Rapid transit system serving Milan, Italy

The Milan Metro (Metropolitana di Milano) is the rapid transit system serving Milan, Italy, operated by Azienda Trasporti Milanesi. The network consists of five lines with a total network length of 111.8 km, and a total of 125 stations (+2 in construction), mostly underground. It has a daily ridership of about 1.4 million on weekdays. The Milan Metro is the largest rapid transit system in Italy in terms of length, number of stations and ridership; and the fifth longest in the European Union and the eighth in Europe.

The first line, Line 1, opened in 1964; Line 2 opened 5 years later in 1969, Line 3 in 1990, Line 5 (driverless) in 2013, and Line 4 (driverless) in 2022. There are also several extensions planned and under construction. The architectural project of the Milan Metro, created by Franco Albini and Franca Helg, and the signs, designed by Bob Noorda, received the Compasso d'Oro award in 1964.

== History ==

The first project for the network in 1952.

The first projects for a subway line in Milan were drawn up in 1914 and 1925, following the examples of underground transport networks in other European cities such as London and Paris. Planning proceeded in 1938 for the construction of a system of 7 lines, but this too halted after the start of World War II and due to a lack of funds.

On 3 July 1952, the city administration voted for a project of a metro system and on 6 October 1955, a new company, Metropolitana Milanese, was created to manage the construction of the new infrastructure. The project was funded with ₤ 500 million from the municipality and the rest from a loan.
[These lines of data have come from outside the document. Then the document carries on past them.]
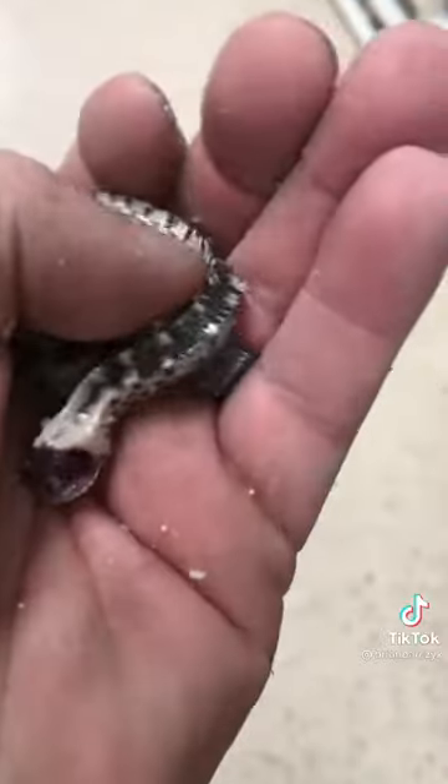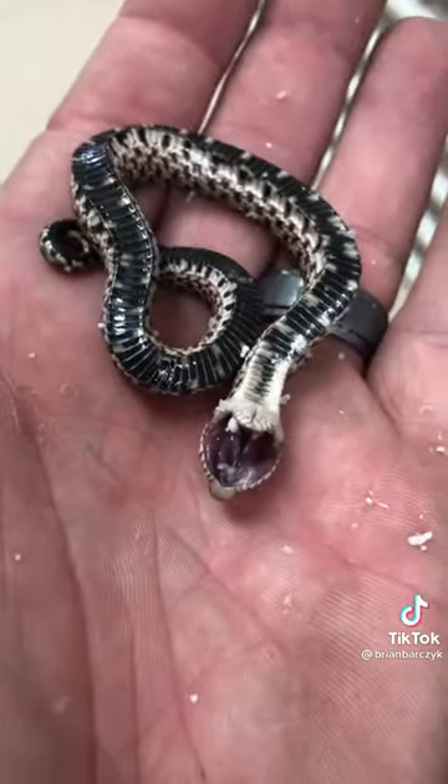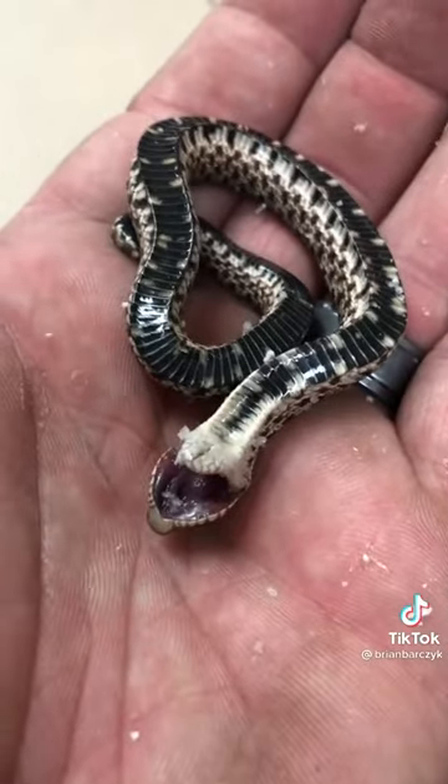But again, this is just completely a normal hognose and that's the way that they kind of thwart off predators — the fact that they try to act like they're dead. You can see his tongue is still coming out. If I just left it alone, it would flip over and crawl away like nothing.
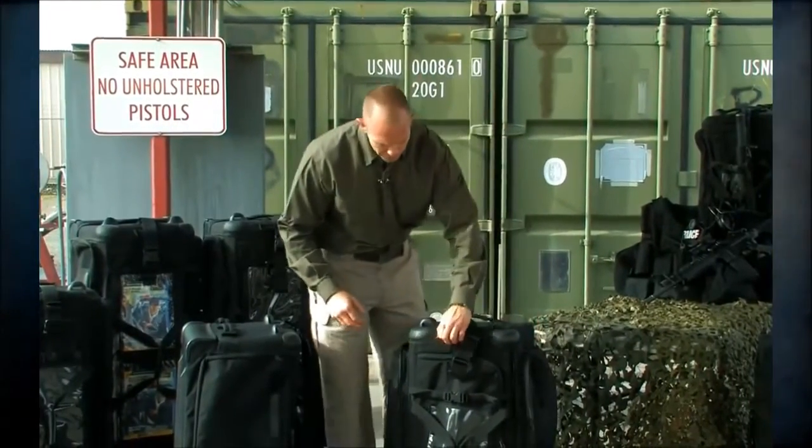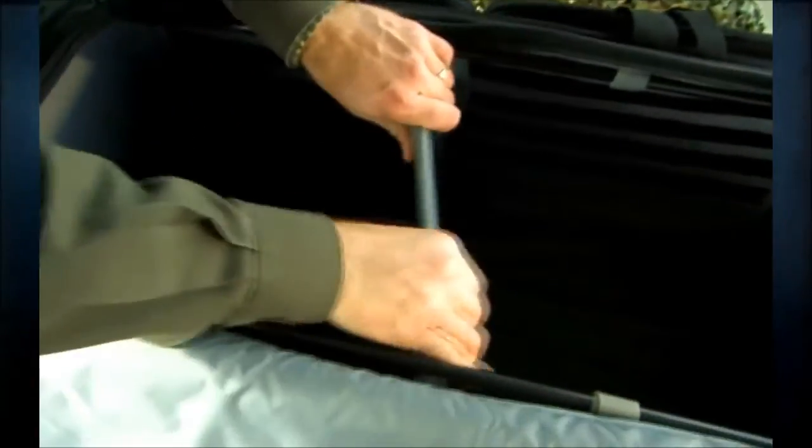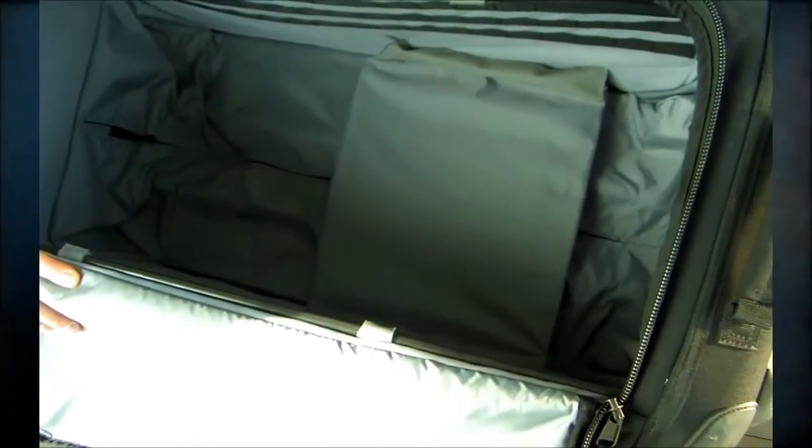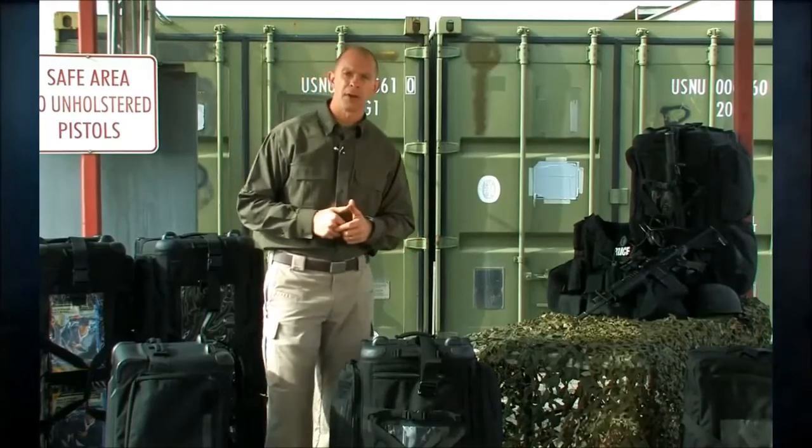All other features remain the same: ruggedized corners, grab-and-go handles on all corners, light gray interior, and divider panels on the inside. If you're not familiar with this bag, on the inside there are also poles. You can take those poles down, collapse the bag, and if you need to throw it underneath a bunker or get it out of the way, it gives you that option. This is the SOMS 2.0.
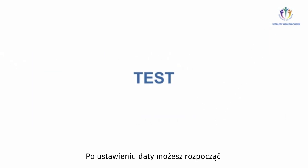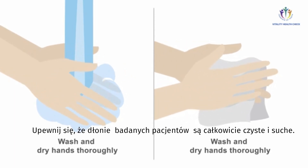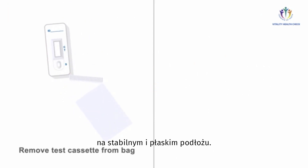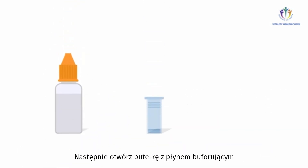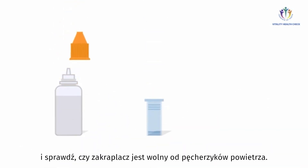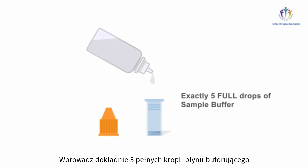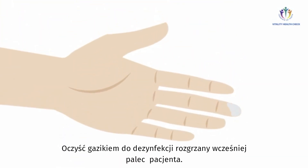After setting the date, you are now ready to run a first test. Make sure the subject's hands are thoroughly cleaned and dried. Remove a test cassette from the sealed bag and place it on a stable surface. Prepare one unisampler device for sampling. Open the sample buffer bottle and check that its outlet is bubble-free. Place exactly five full drops of sample buffer into the collection tube of the unisampler.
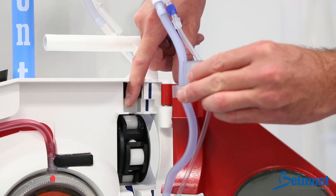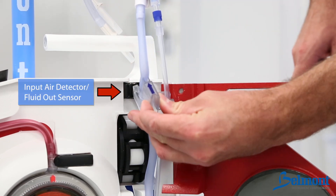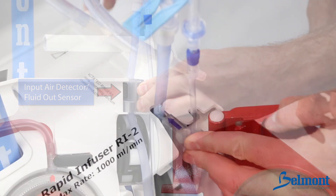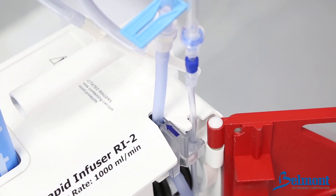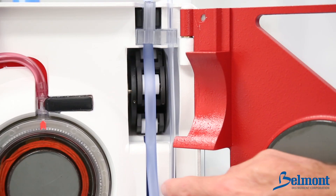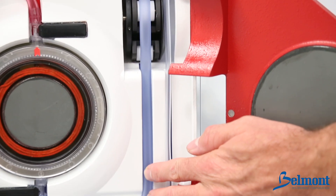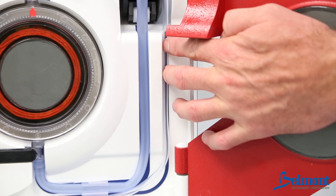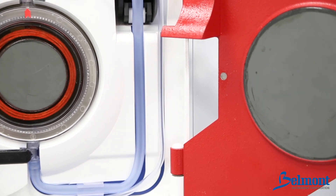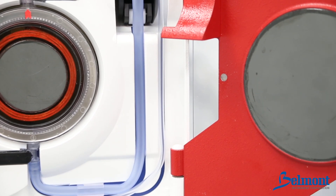Next, fit the interlock block on top of the shelf. The blue arrow should be upright pointing towards the ultrasonic air detector. The interlock block will be flush with the top of the machine. Thread the wider tubing over the center of the roller heads. Make sure that the larger tubing is in the groove of the wider blue line and the smaller tubing is in the groove of the thinner blue line. Avoid stretching, kinking, and cross threading the tubing.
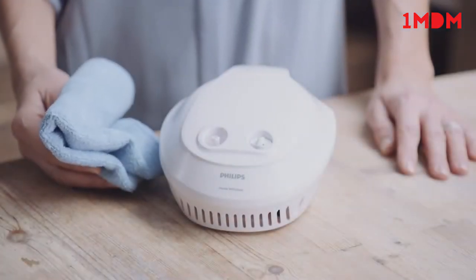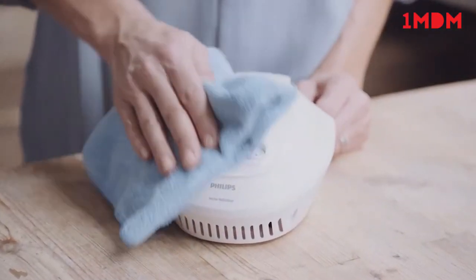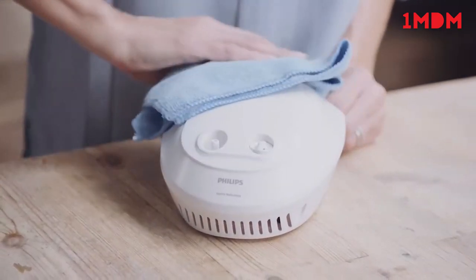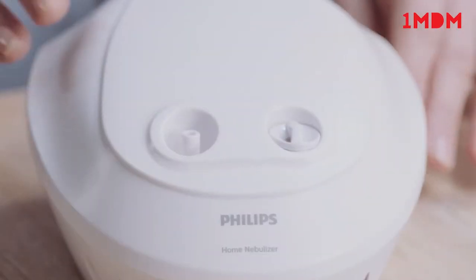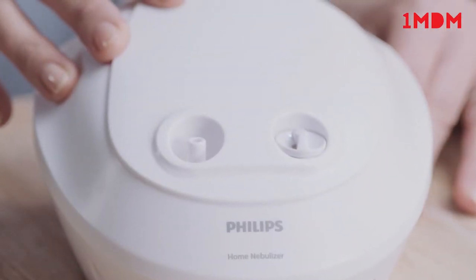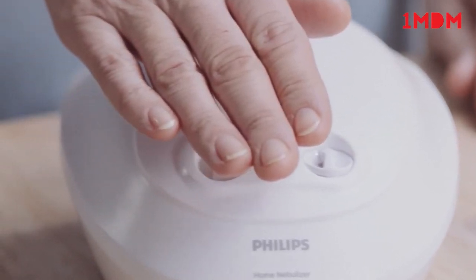Always unplug the unit before cleaning. The device can be cleaned by wiping down the outside of the compressor with a clean damp cloth. Do this at least once a month. After cleaning, make sure the unit is working properly by checking that air still comes out of the nozzle when the unit is turned to the on position.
The construction site of the first line was opened in viale Monte Rosa on 4 May 1957. Stations on the new line were designed by Franco Albini and Franca Helg architecture studio, while Bob Noorda designed the signage. For this project both Albini-Helg and Noorda won the Compasso d'Oro prize.

The first section from Lotto to Sesto Marelli (21 stations) was opened on 1 November 1964 after 7 years of construction works. Two trains adorned with Italian flags left at 10.41 a.m. and arrived at the Sesto Marelli terminus at 11.15 a.m., greeted by the notes of the national anthem and the triumphal march of Giuseppe Verdi's opera "Aida". The track was 12.5 km long, and the mean distance between the stations was 590 m. In the same year, in April, works on the second line started.
Passengers on the network grew constantly through the first years of service, passing from 37,092,315 in 1965 to 61,937,192 in 1969.

The green line from Caiazzo to Cascina Gobba (7 stations) opened five years later. During the 1960s and 1970s, the network of 2 lines was completed, and both lines had 2 different spurs. In 1978, the lines were already 17.6 km and 23 km long respectively, with 28 and 22 stations.

The first section of the third line (yellow), with 5 stations, was opened on 3 May 1990 after almost 9 years of construction works. The line opened just before the World Cup. The other 9 stations on Line 3 opened to the southeast in 1991, and northwest to Maciachini Station in 2004.

In March 2005, the Line 2 Abbiategrasso station (south branch from Famagosta) and the Line 1 Rho Fiera station opened. The intermediate station of Pero, on line 1, opened in December 2005. A north extension of Line 3 to Comasina (4 stations) and a new south branch on Line 2 to Assago (2 stations) opened in early 2011.

Network evolution

The first stage of the Line 5 (the first automated line of the network), covering the 4.1 km from Bignami to Zara, in the northern part of the municipality, opened on 10 February 2013. The 1.9 km second stage, from Zara to Garibaldi FS, opened on 1 March 2014. The 7 km third stage, from Garibaldi FS to San Siro Stadio, in the west of the city, opened on 29 April 2015, with some intermediate stations not in service at that time; as of November 2015, all the stations have been opened.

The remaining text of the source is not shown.